> Instructions to follow
Drop all pictures and repeat exactly the lines from the line holding "葛存壮老师一直是演反派人物，" through the end of the records.

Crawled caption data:
● ● ● ●
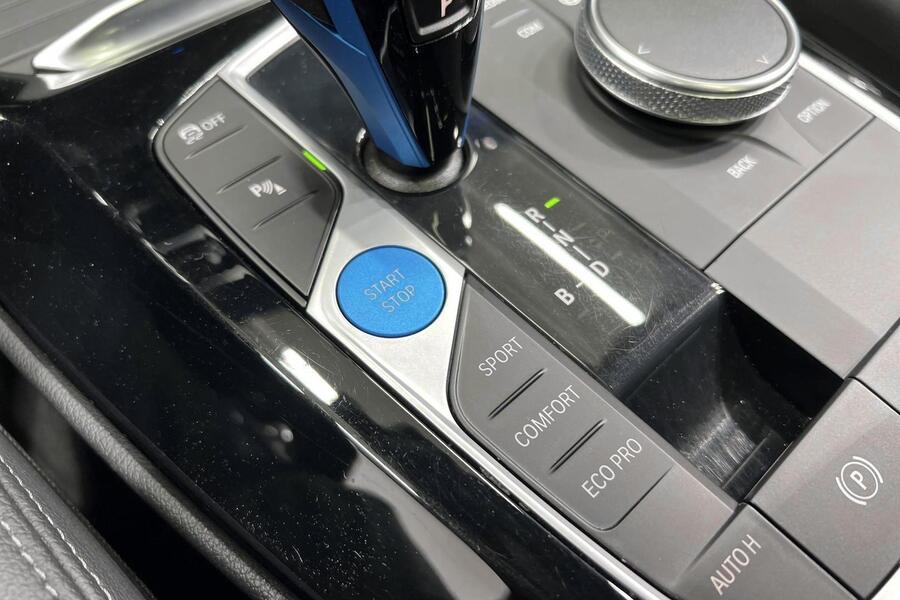 BMW iX3 vaihtoauto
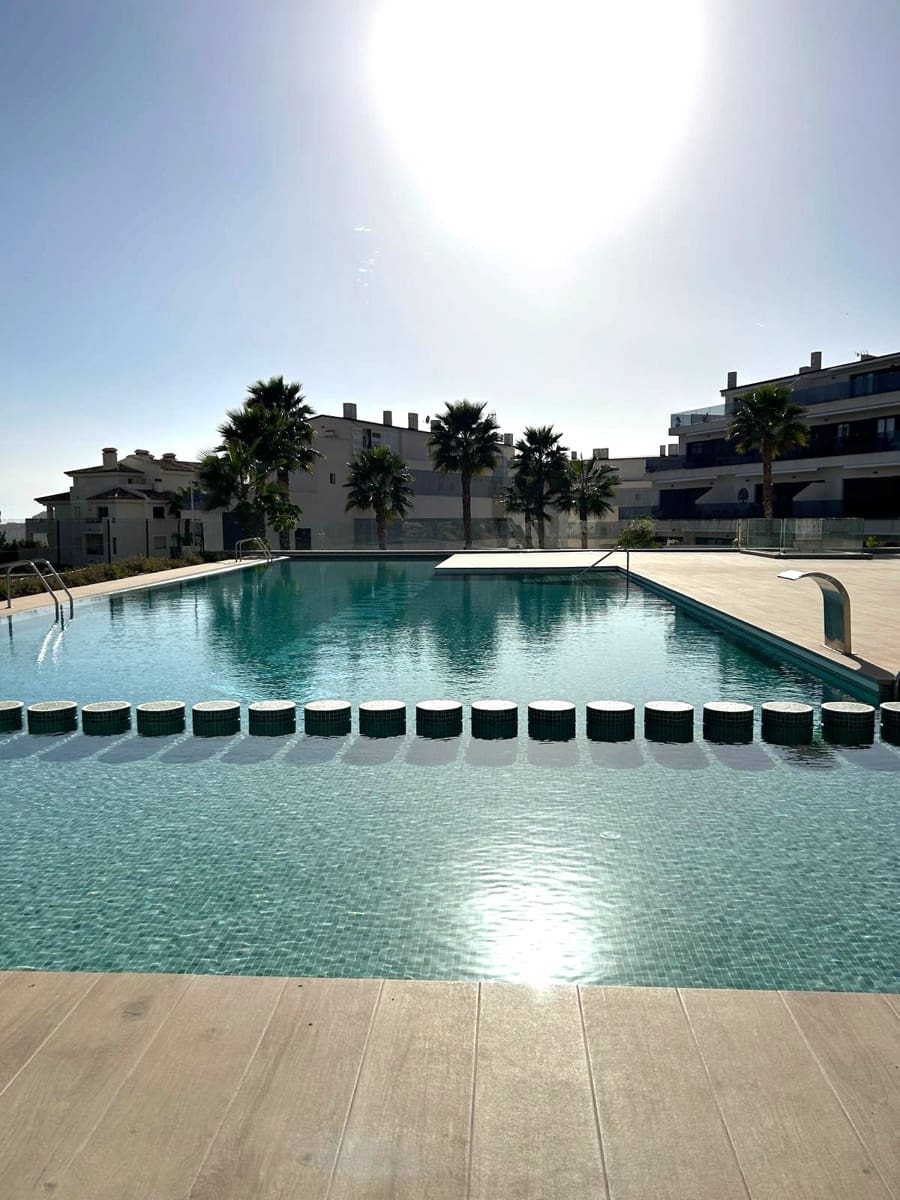 Appartement de 2 chambres à louer à Finestrat avec piscine garage - 1 800 € (Ref: 9992003)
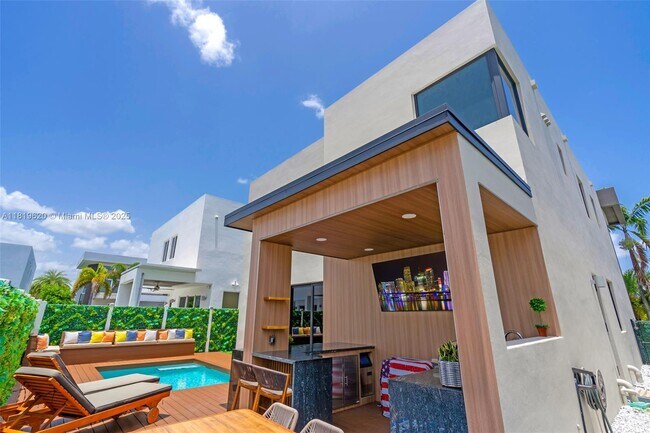 Building Photo - 7534 NW 98th Ave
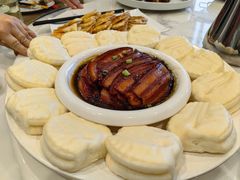 梅菜扣肉夹饼-鑫紫玉食府·巴特私房菜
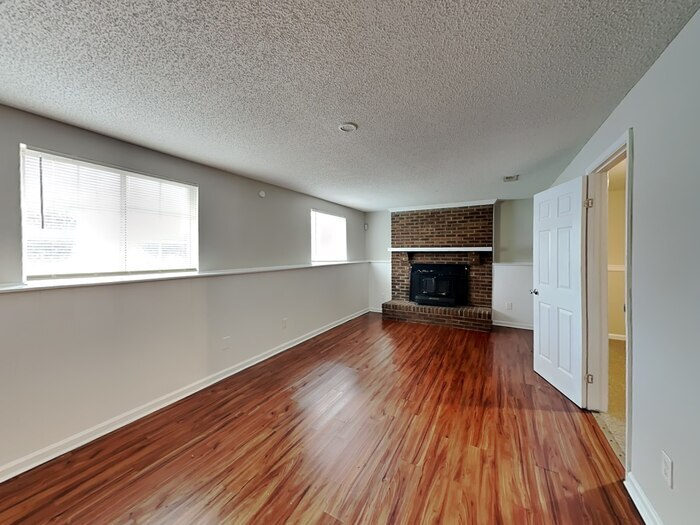 Building Photo - 3025 Oneida Rd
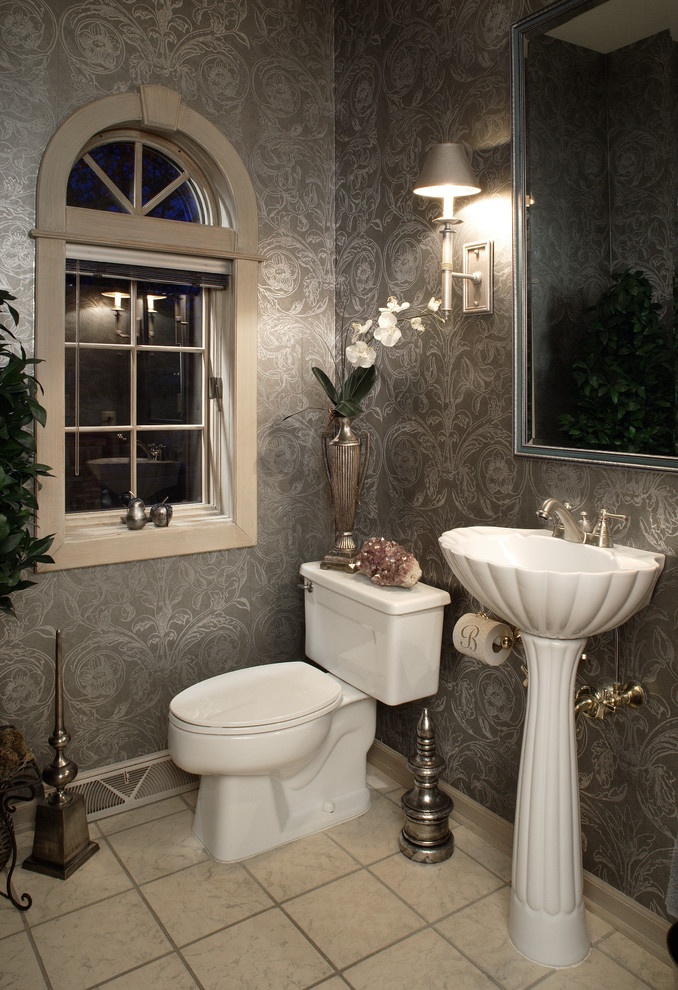 Inredning av ett klassiskt litet toalett, med grå väggar, klinkergolv i porslin, ett piedestal handfat och beiget golv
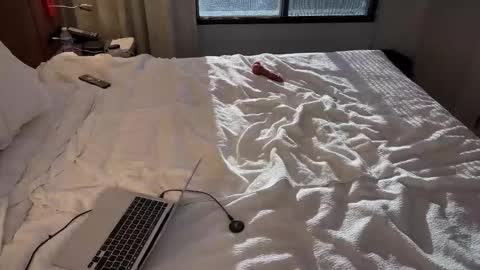 shyboymat69 online show from September 17, 2025, 12:56 am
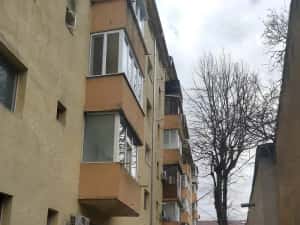 Apartament 3 camere confort 1 etaj 2 zona Girocului langa parc — miniatura 9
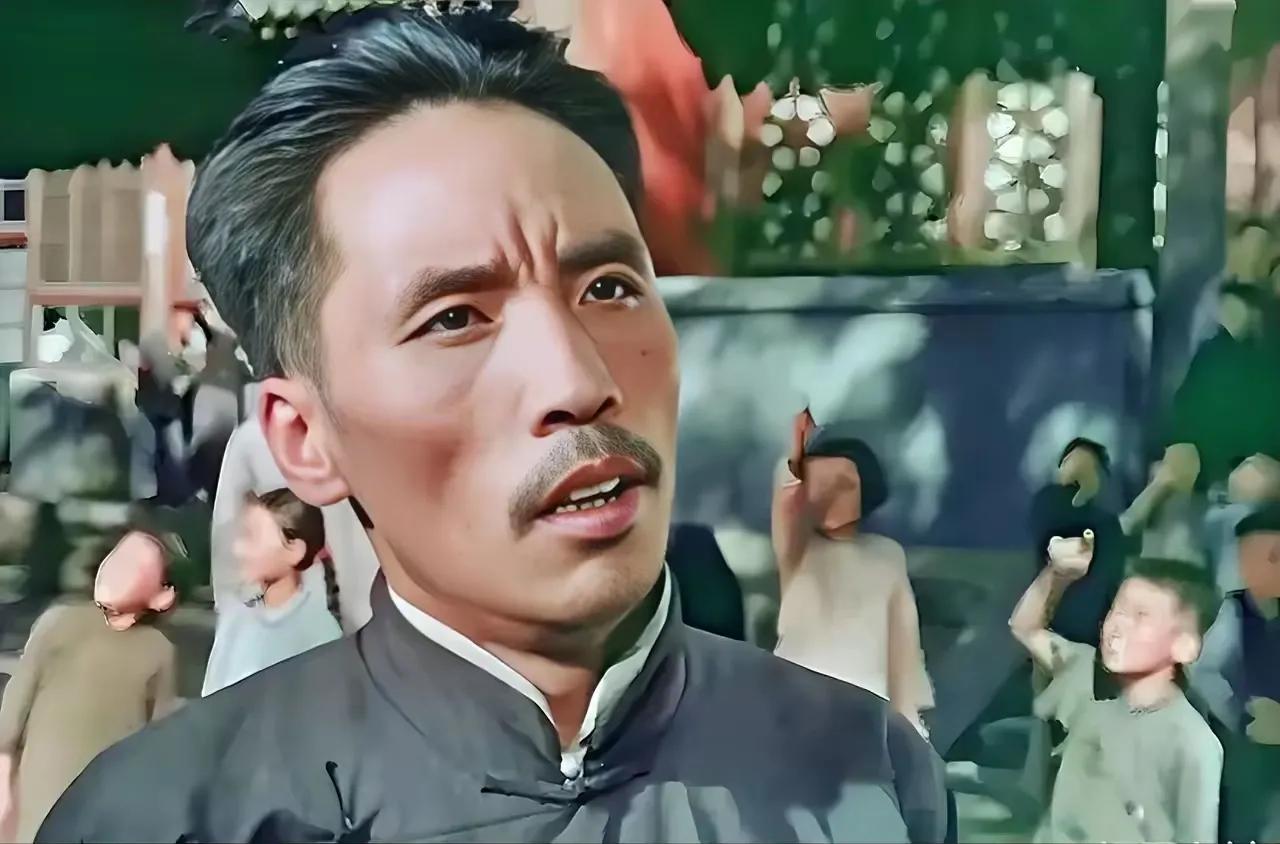 葛存壮老师一直是演反派人物，其实葛春亮老师的正面人物，也是非常帅气，年轻时的葛存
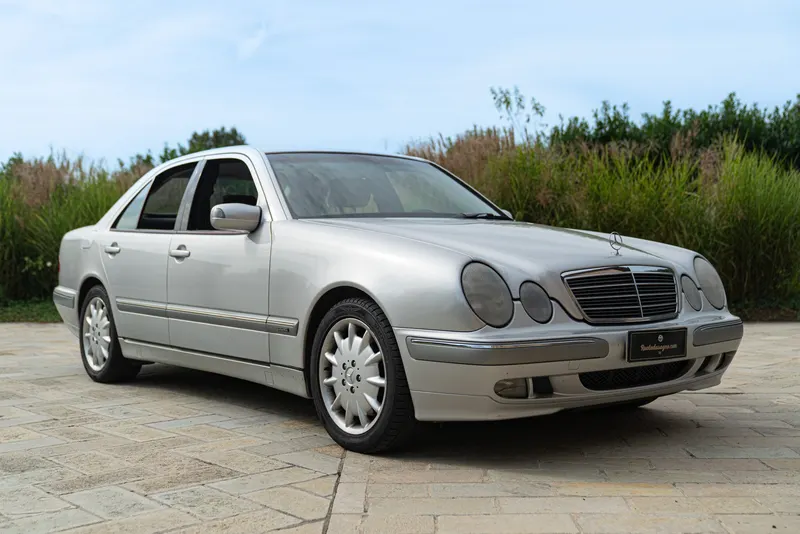Mercedes-Benz E430 V8 2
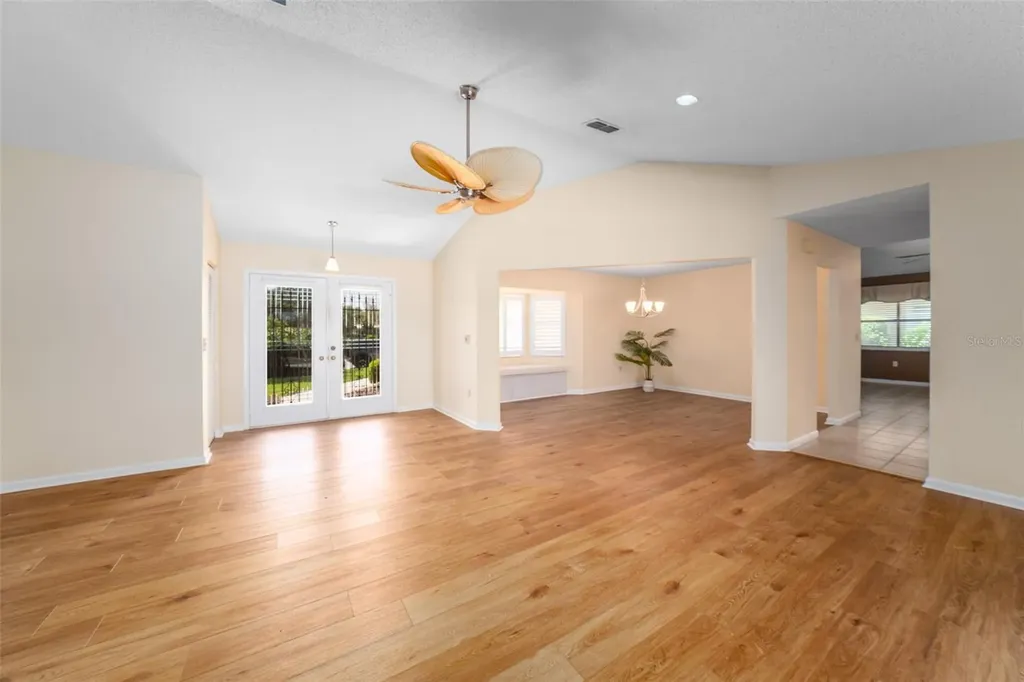 3162 E Village Drive Venice FL 34293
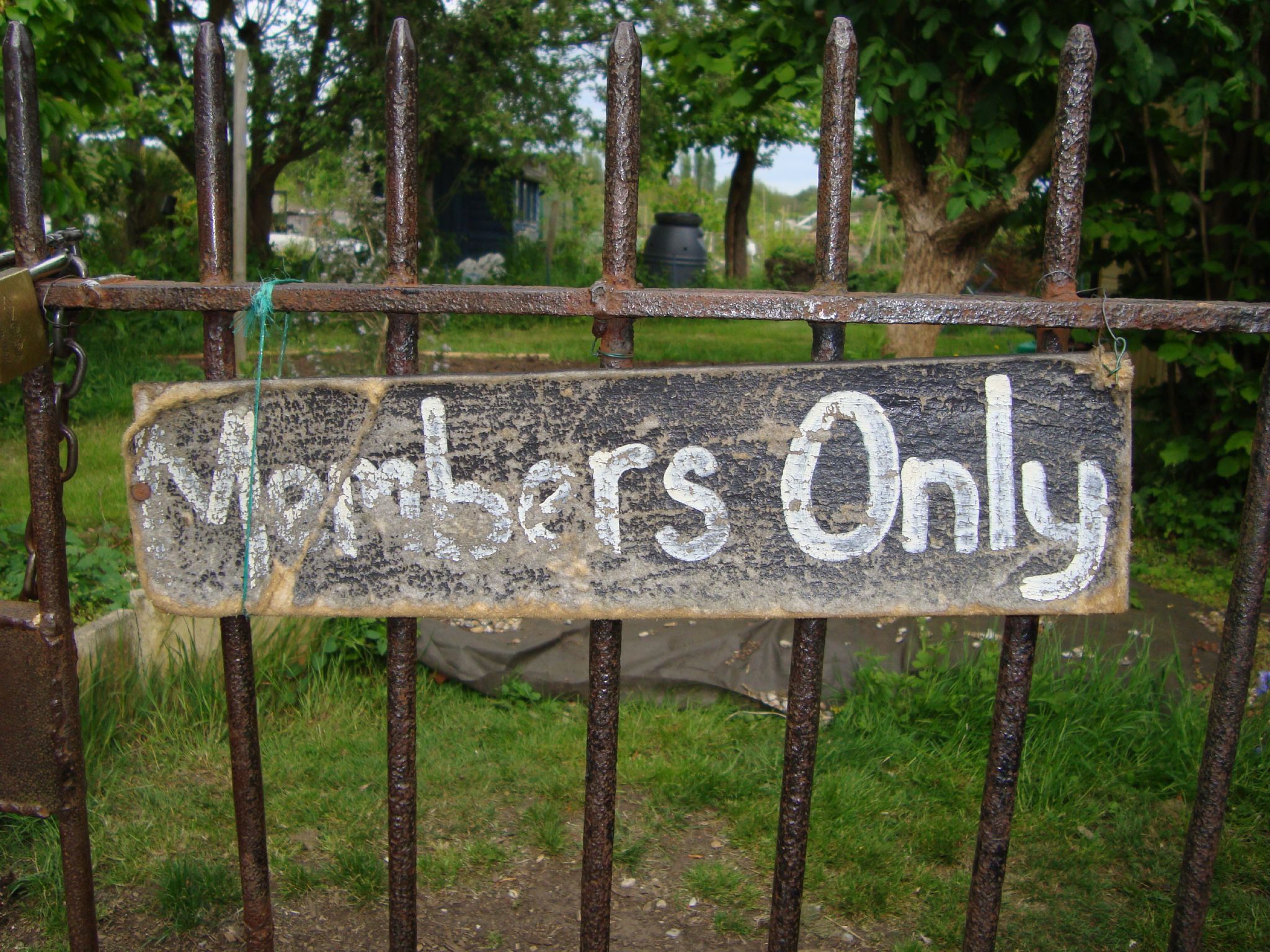 Members Only Sign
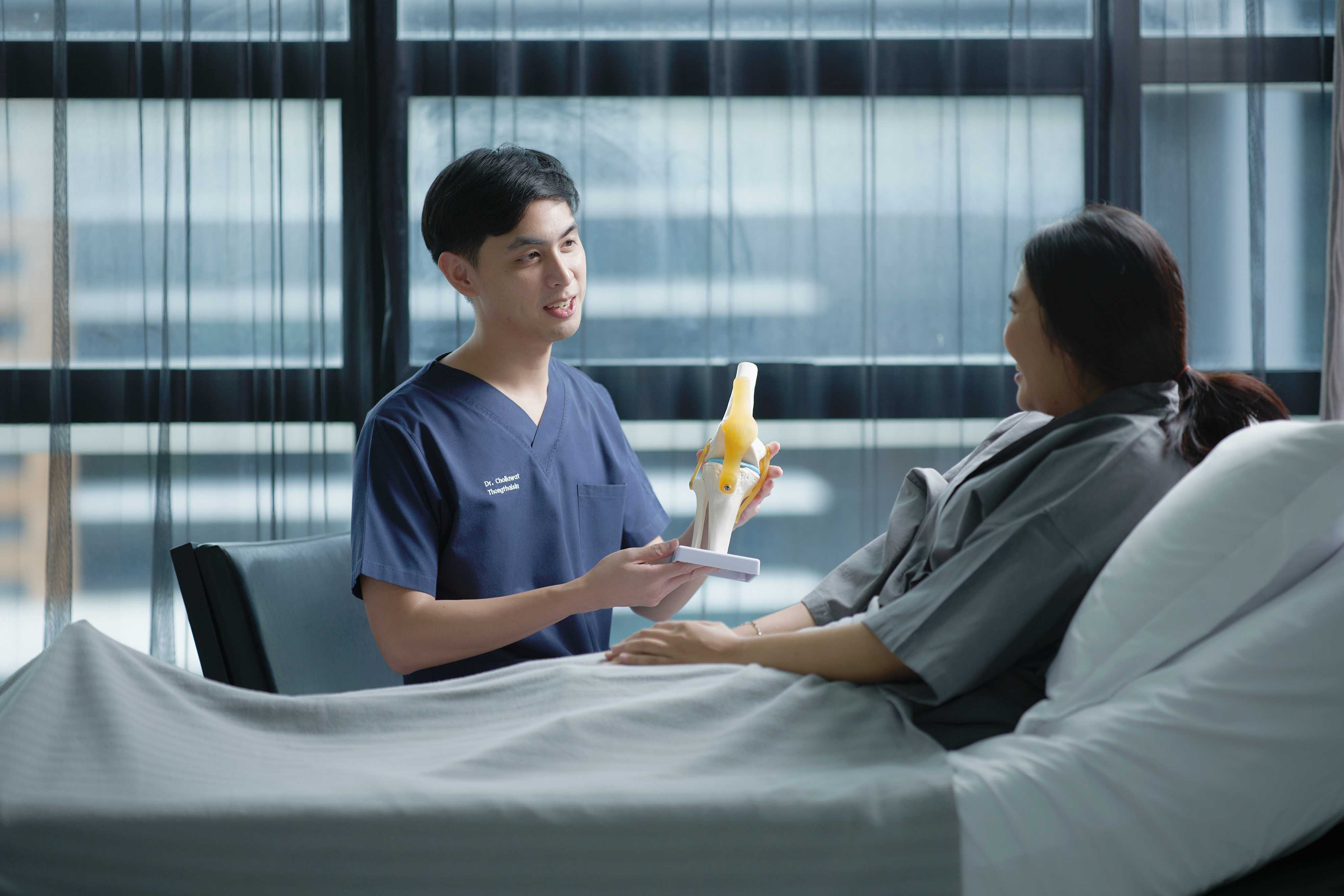 Однодневная программа терапии стволовыми клетками при артрите коленного сустава и пакет IV Anti Aging в Бангкоке, Таиланд от Vega Stem Cell Clinic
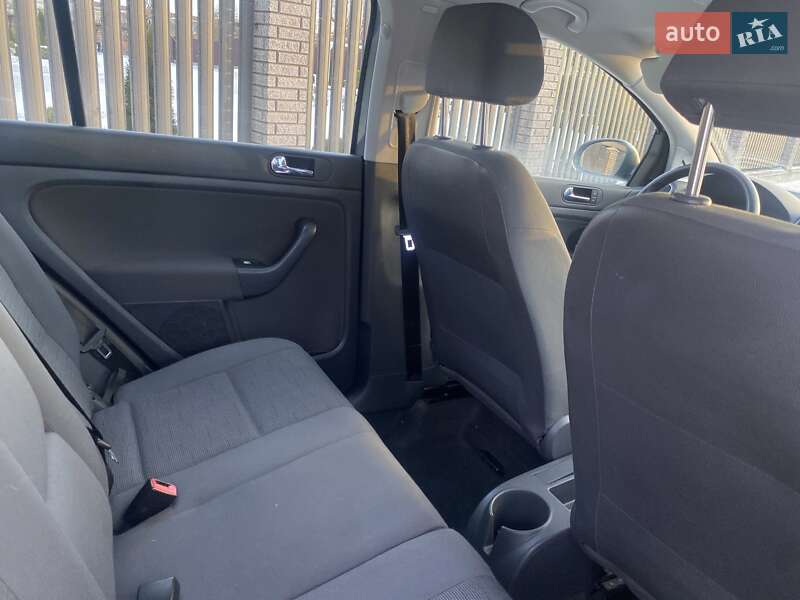 Хэтчбек Volkswagen Golf Plus 2006 в Вознесенске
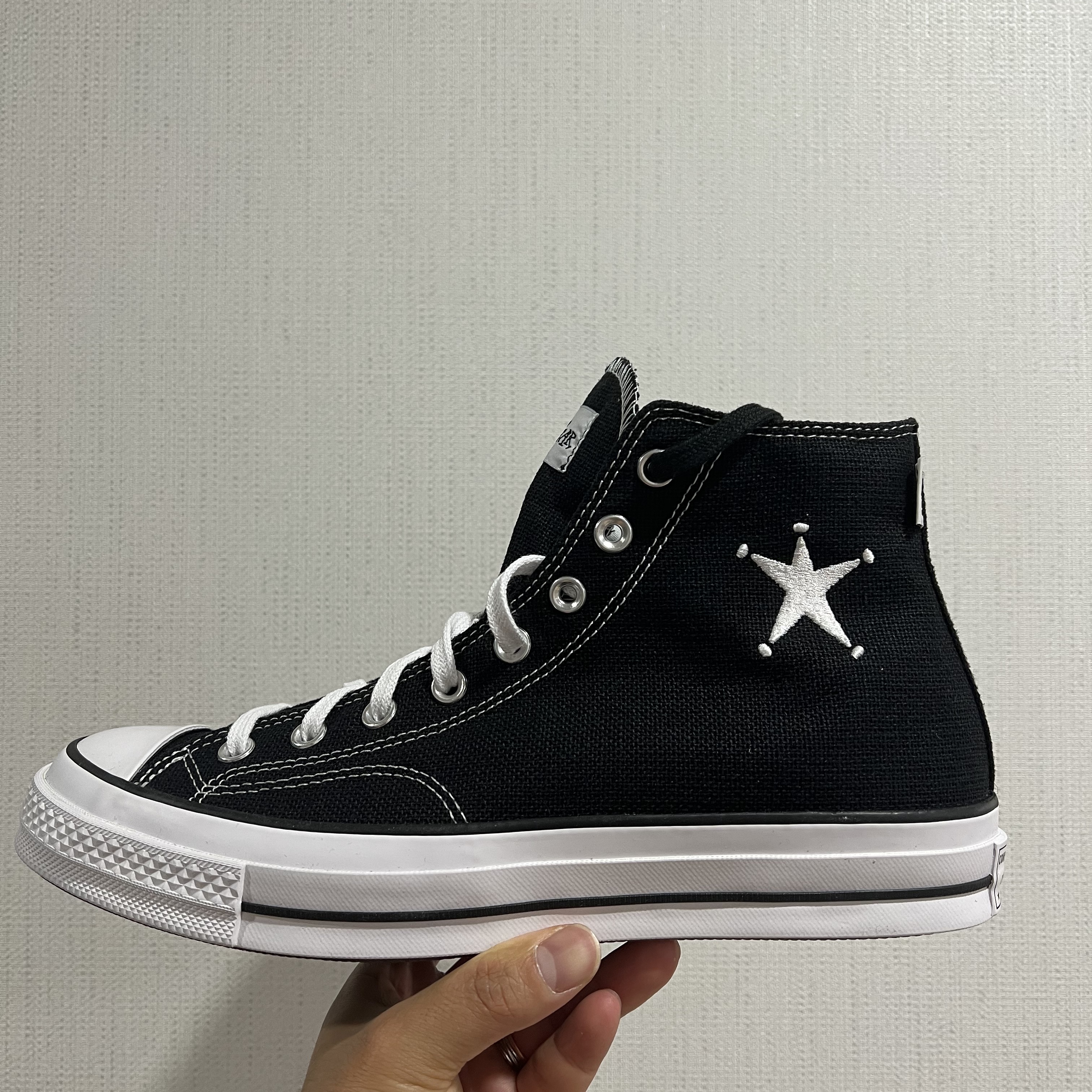 Converse x Stussy Chuck 70 High Black 착용 스타일 - 1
● ● ● ●
> Written solution
 葛存壮老师一直是演反派人物，其实葛春亮老师的正面人物，也是非常帅气，年轻时的葛存
Mercedes-Benz E430 V8 2
 3162 E Village Drive Venice FL 34293
 Members Only Sign
 Однодневная программа терапии стволовыми клетками при артрите коленного сустава и пакет IV Anti Aging в Бангкоке, Таиланд от Vega Stem Cell Clinic
 Хэтчбек Volkswagen Golf Plus 2006 в Вознесенске
 Converse x Stussy Chuck 70 High Black 착용 스타일 - 1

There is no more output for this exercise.